Sofria como Ele, ou melhor, Ele sofria em mim, sofria só Ele. Num
brado dolorosíssimo, fitei os olhos no Céu, o coração pronunciou a
palavra “Consumatum est”, e entreguei ao Pai o meu espírito. Por um
pequeno espaço de tempo fiquei não sei onde; pareceu-me não ser
terra nem Céu. Veio-me para o coração uma nova vida e luz. Falou-me
Jesus:
“Tenho
sede e venho beber à fonte da graça, à fonte do amor, à fonte de
pureza que é o teu coração. Minha filha, minha filha, estou entre
lírios e açucenas intercalados de espinhos. Vem tirarmos, vem
tirarmos, minha vítima querida. Não consintas que só venham ferir-me
o meu Divino Coração. Tenho sede, tenho sede, e venho ao teu coração
saciar esta sede e pedir por ti para que outras almas me venham
saciar. Tu és, minha filha, a glória, a alegria do Céu, o porta-voz
de Jesus.

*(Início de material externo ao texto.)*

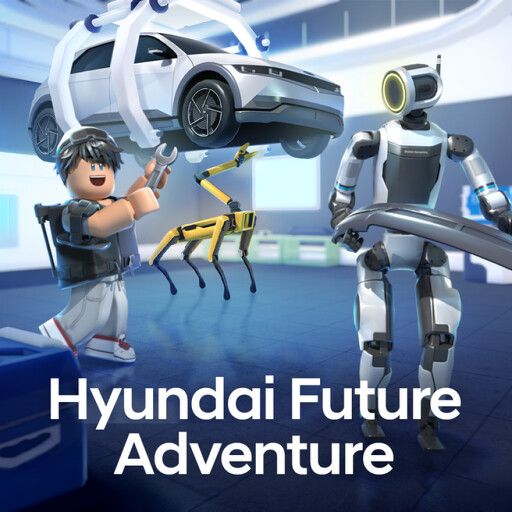 [Free UGC] Hyundai Future Adventure (obby) cover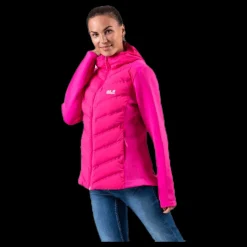 Clearance Jack Wolfskin Tasman Jacket Pink Rosa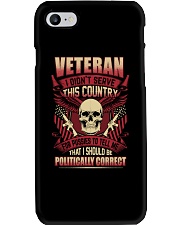 VETERAN SERVICE Phone Case thumbnail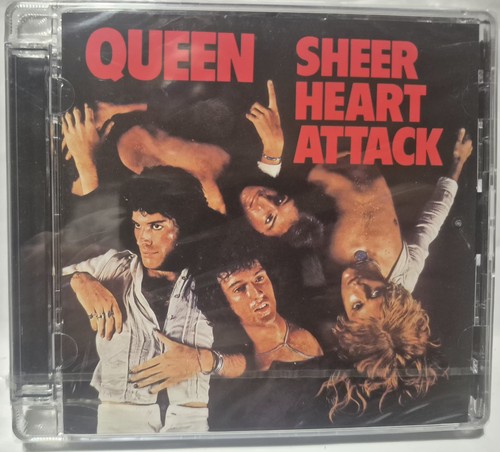 Queen sheer heart - heart, attack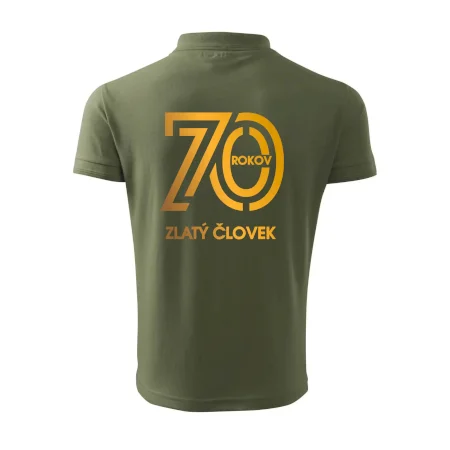 70 rokov zlatý človek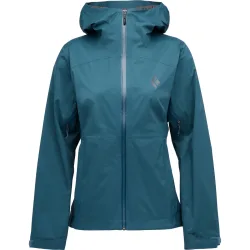 Black Diamond Damen Fineline Stretch Shell Jacke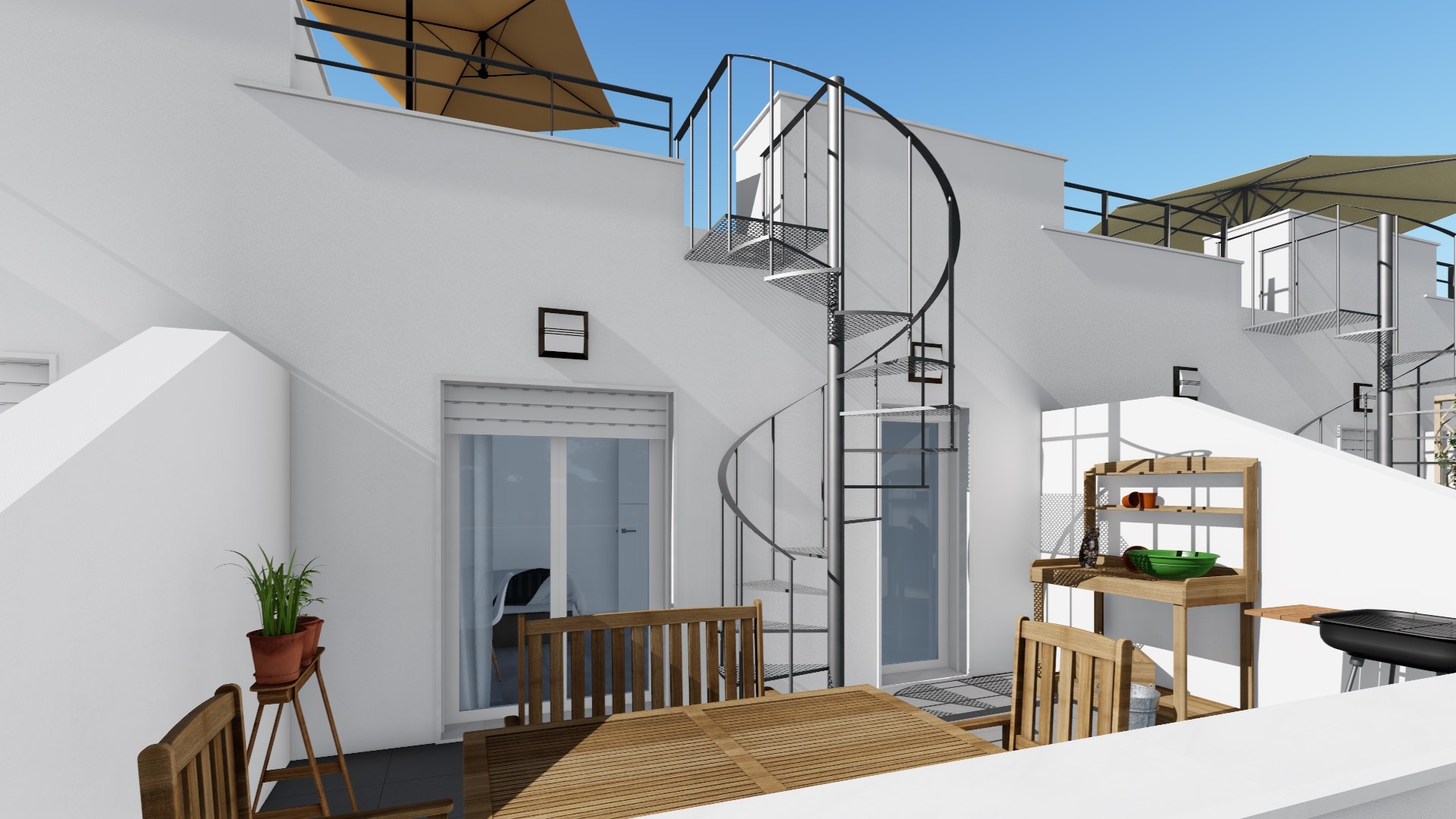 El Mirador in Conil de la Frontera, Cadiz, Spanien Nr. 62857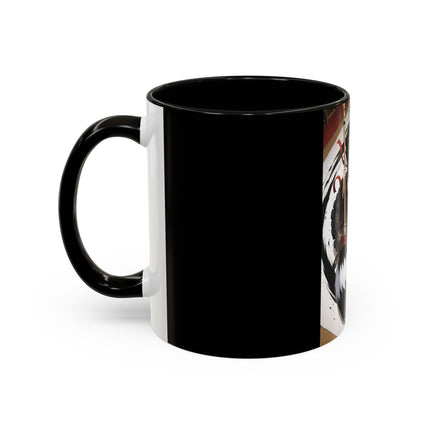 The Ink Sorceress Artist Colorful Mugs (11oz, 15oz)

Coragem, coragem, filha querida, separa, separa estes
espinhos. Deixa-me só nas delícias das flores. Não consintas, não
consintas que um só espinho venha cravar-se neste Coração Divino que
tanto ama. Coragem, coragem, minha filha. A tua cruz é cruz de
salvação. Vives na cruz, vives ferida, para que as almas não vivam
no pecado, não sejam condenadas eternamente. Minha filha, minha
filha, os anjos descem, formam trono à volta de ti”.
Ó
Jesus, ó Jesus, não me alegram os anjos, alegra-me só a Vossa
vontade divina. Quereis que os veja? ´«E essa a minha vontade.
(Cantou): Glória, glória ao Senhor! Glória, glória ao Senhor, por
ter escolhido na terra o mimo do Seu amor. Glória ao Deus Criador!